Description of the task:
For this listing, reproduce the line with "How to get MINK", the line with "di Alessandra Maria", and the lines between, exactly as they stand. Leave out pictures and all other lines.

Listed records:
----
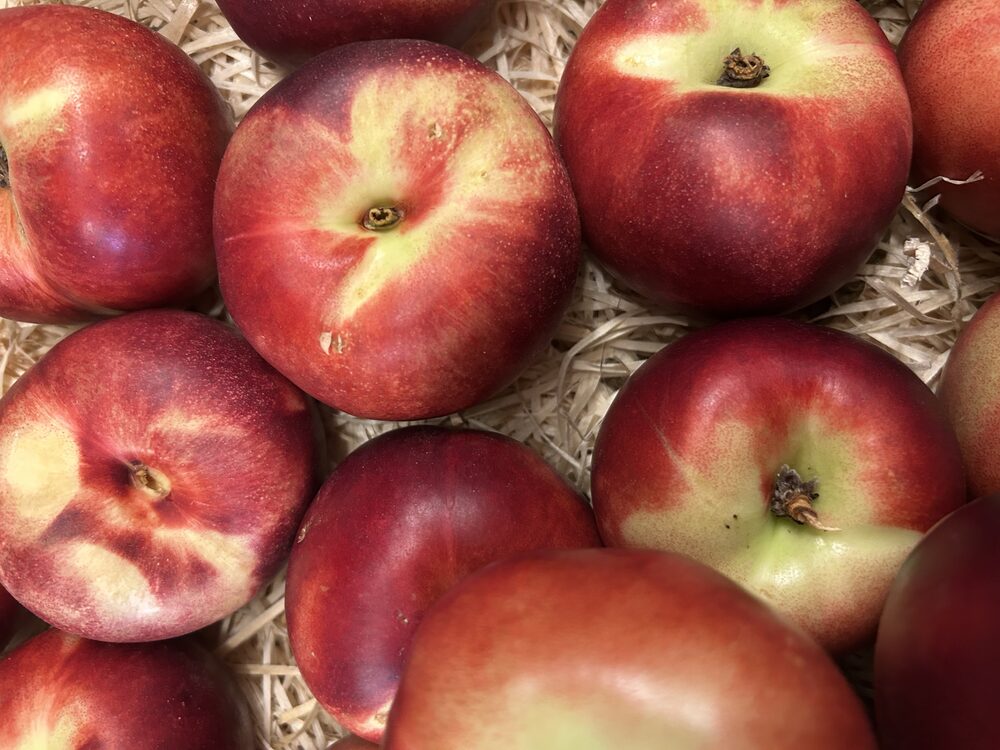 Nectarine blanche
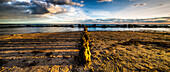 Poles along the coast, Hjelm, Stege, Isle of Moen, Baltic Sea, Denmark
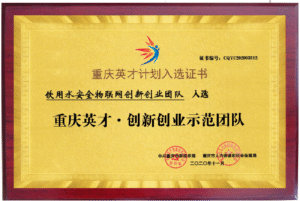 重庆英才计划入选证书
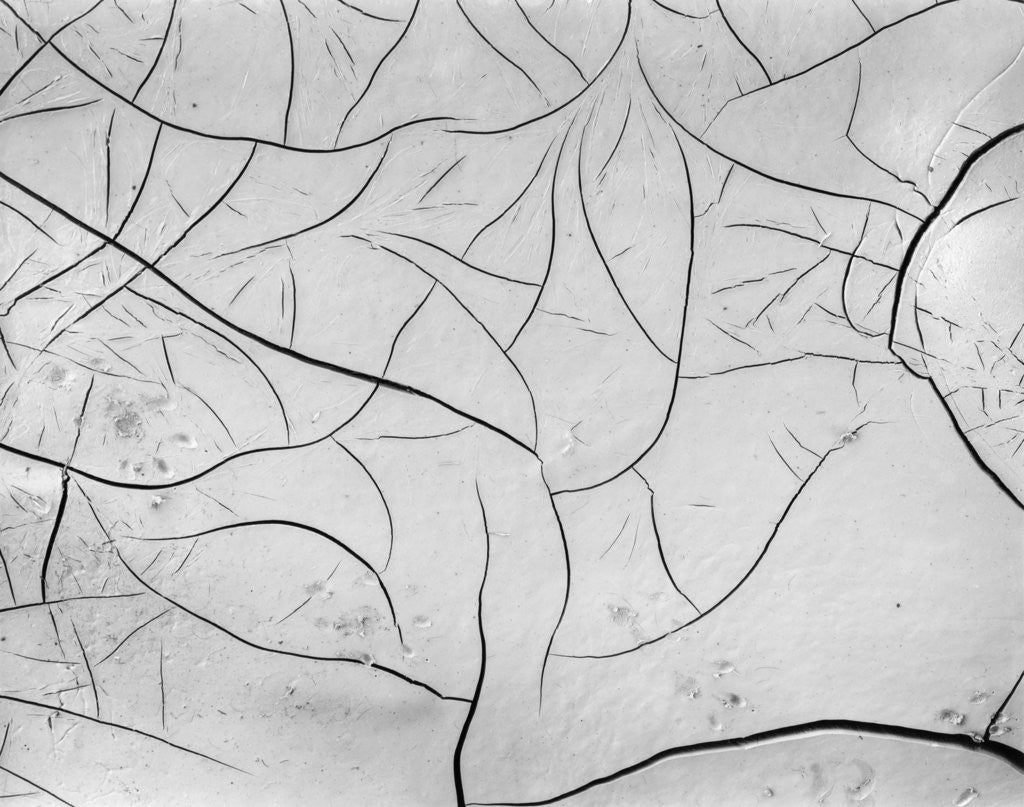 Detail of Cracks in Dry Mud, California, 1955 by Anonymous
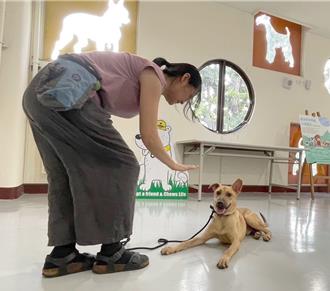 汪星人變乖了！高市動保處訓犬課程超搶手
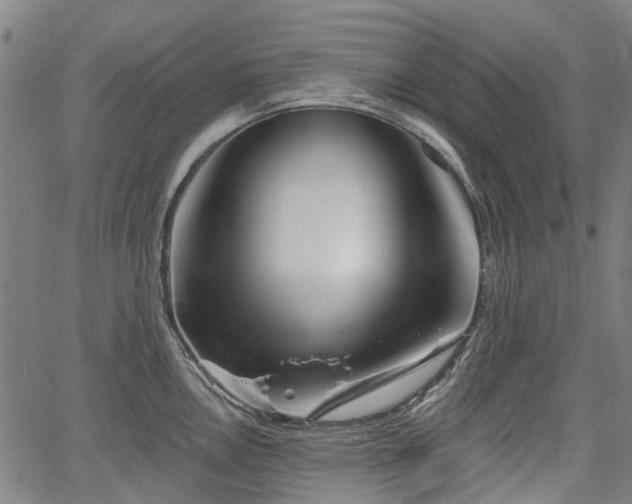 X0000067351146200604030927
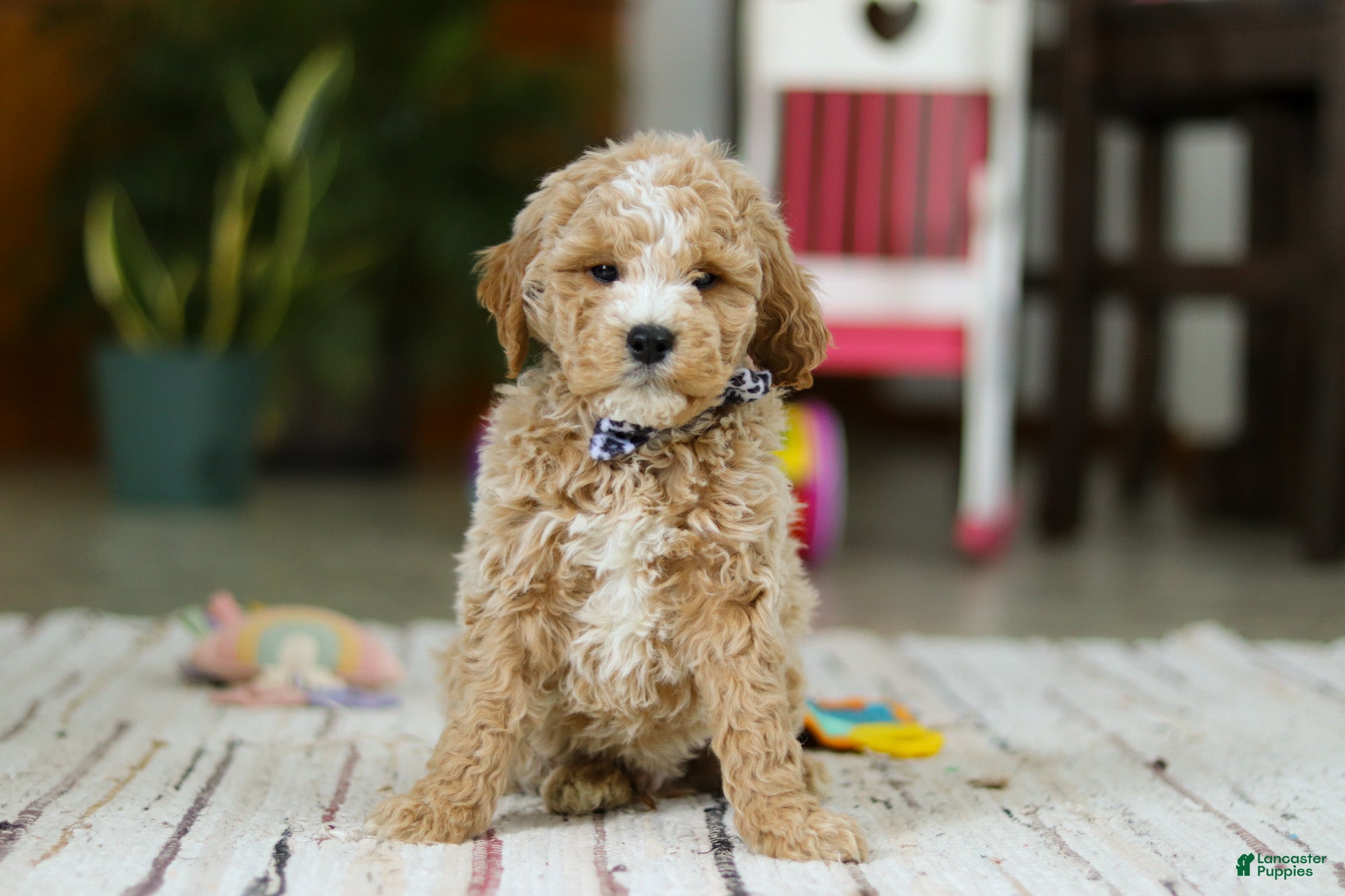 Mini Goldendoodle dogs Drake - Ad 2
----
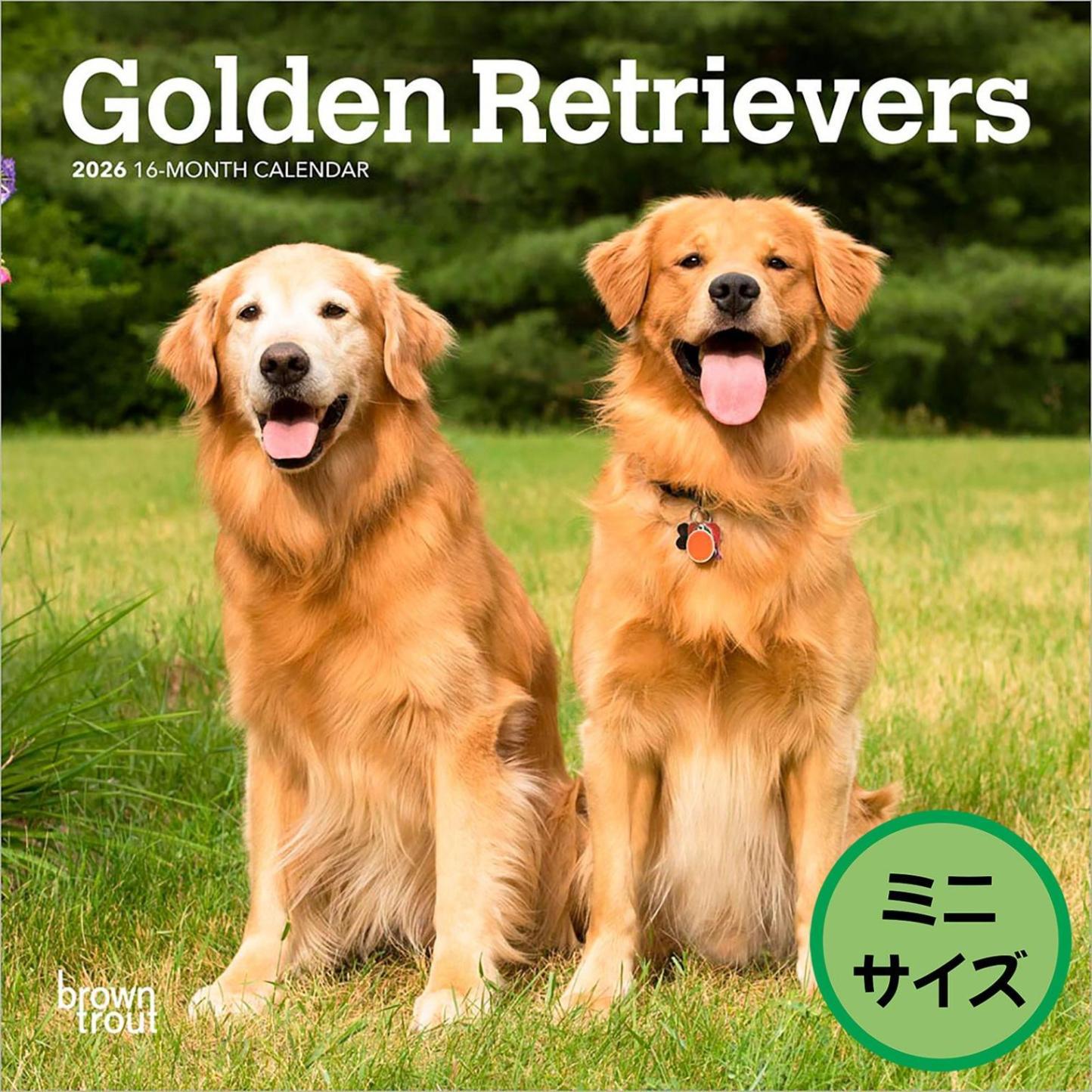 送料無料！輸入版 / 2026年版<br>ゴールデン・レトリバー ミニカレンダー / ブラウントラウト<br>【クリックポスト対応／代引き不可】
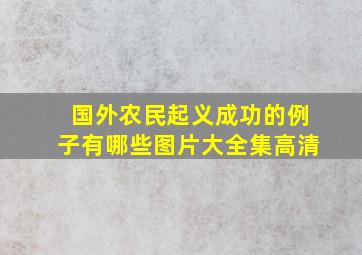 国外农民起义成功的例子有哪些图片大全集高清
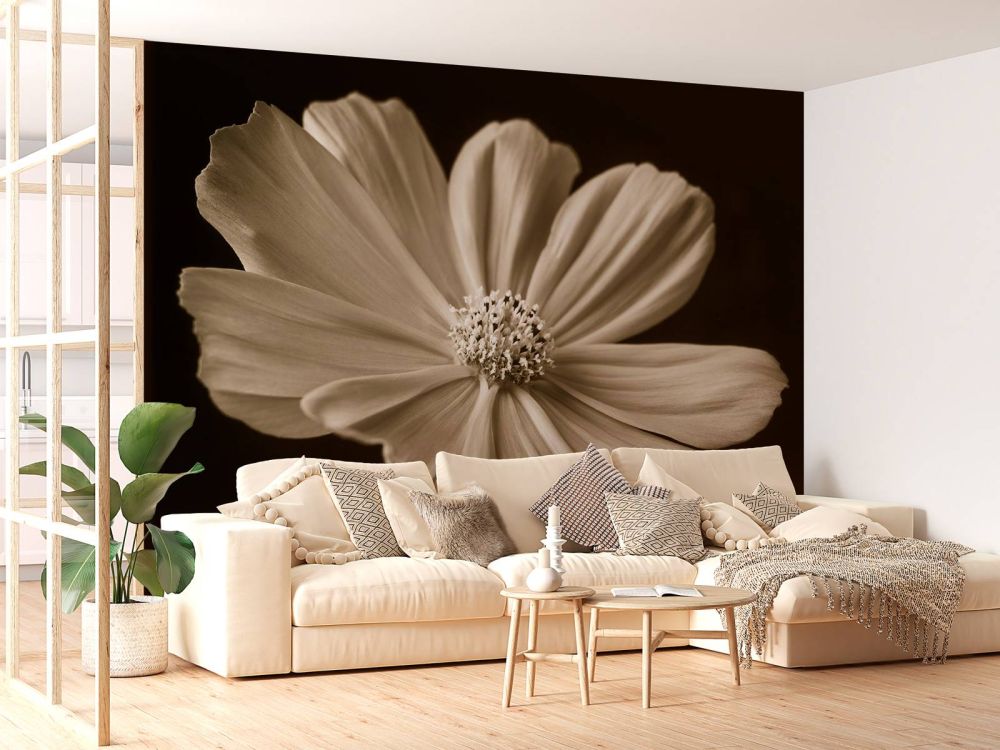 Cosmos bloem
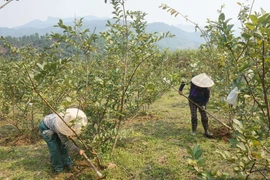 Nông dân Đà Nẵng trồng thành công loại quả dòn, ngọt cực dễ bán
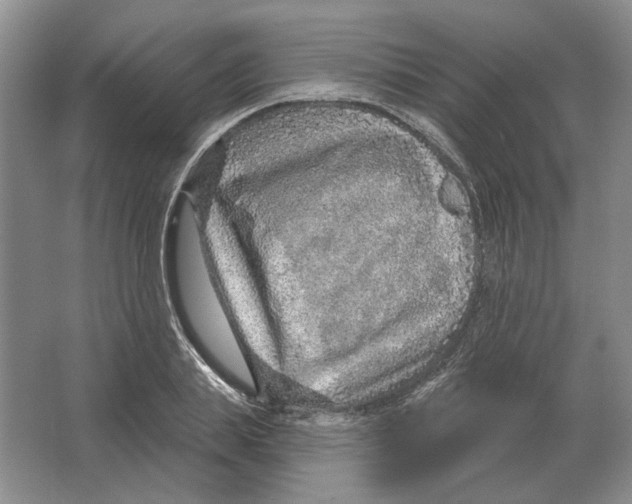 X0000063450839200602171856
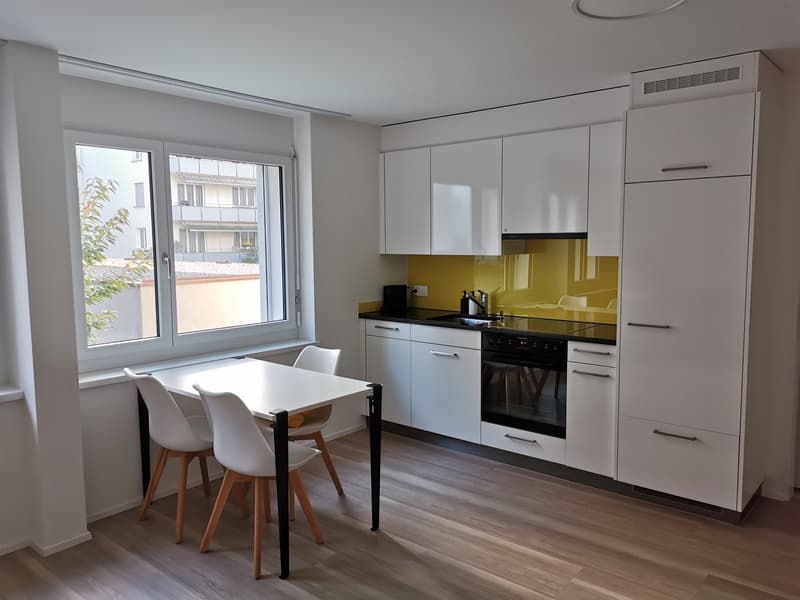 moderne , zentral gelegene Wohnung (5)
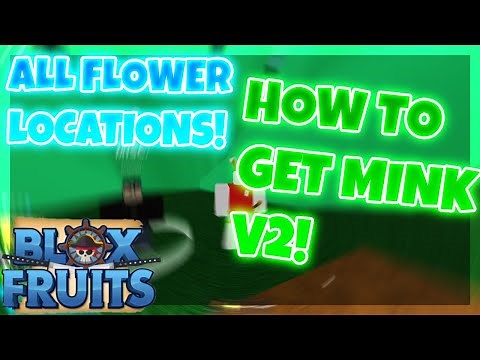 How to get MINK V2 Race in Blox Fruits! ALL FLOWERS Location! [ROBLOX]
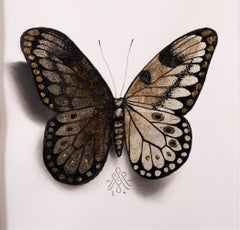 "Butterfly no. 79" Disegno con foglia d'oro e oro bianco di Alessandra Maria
----
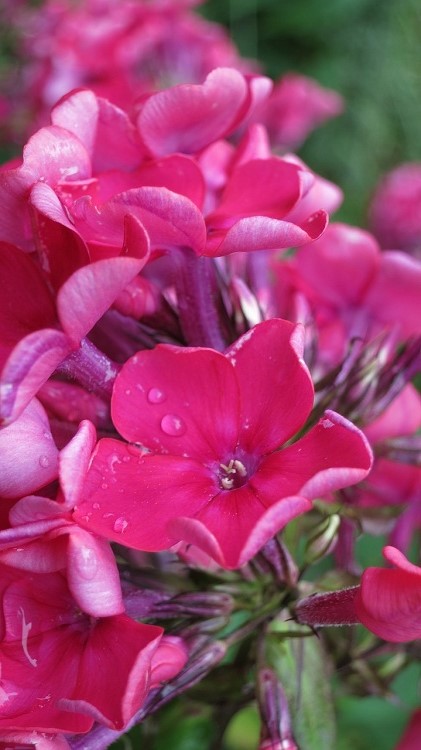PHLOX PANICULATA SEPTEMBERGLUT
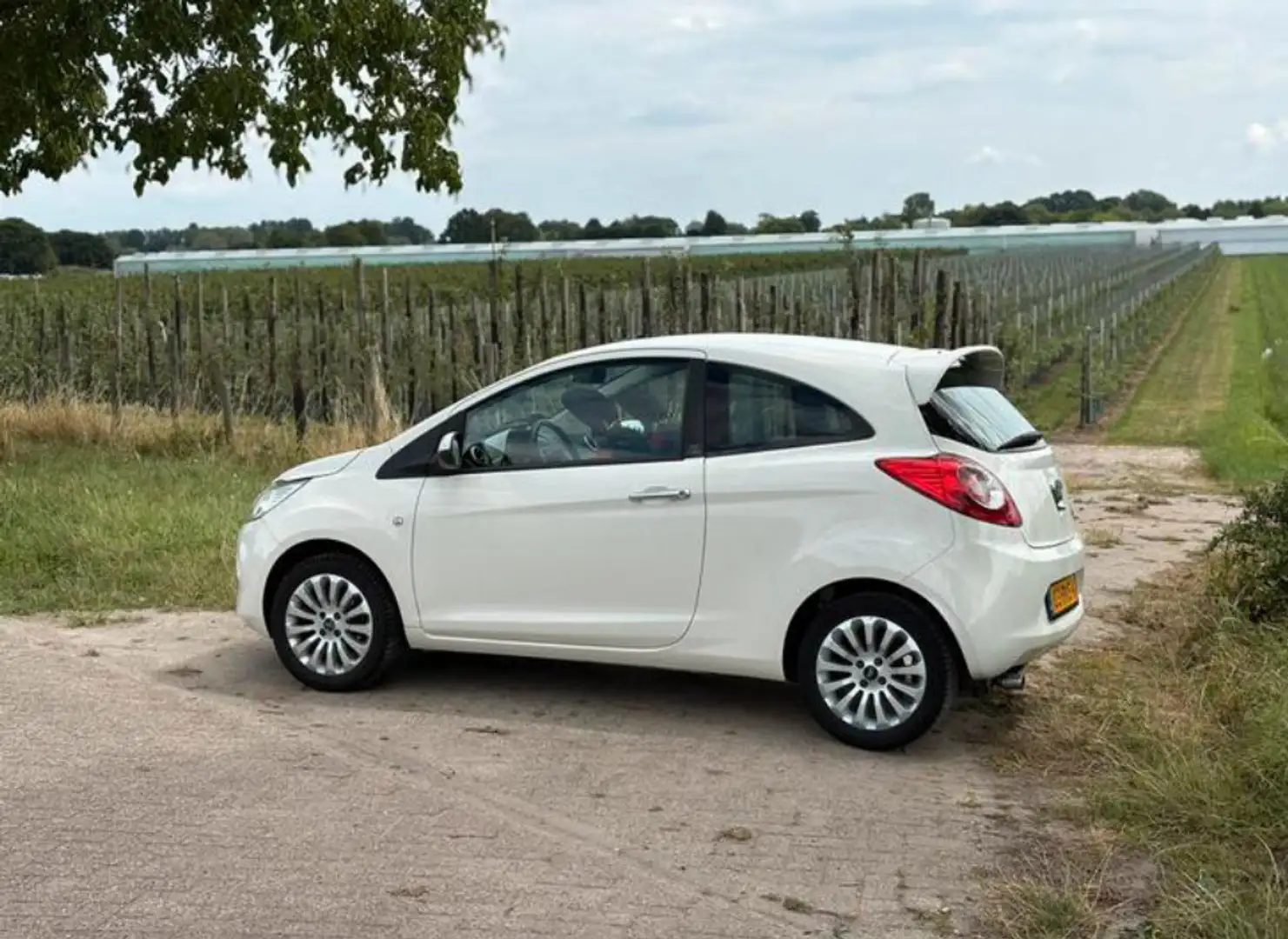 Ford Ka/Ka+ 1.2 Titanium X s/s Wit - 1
----
Solution to this problem:
 How to get MINK V2 Race in Blox Fruits! ALL FLOWERS Location! [ROBLOX]
 "Butterfly no. 79" Disegno con foglia d'oro e oro bianco di Alessandra Maria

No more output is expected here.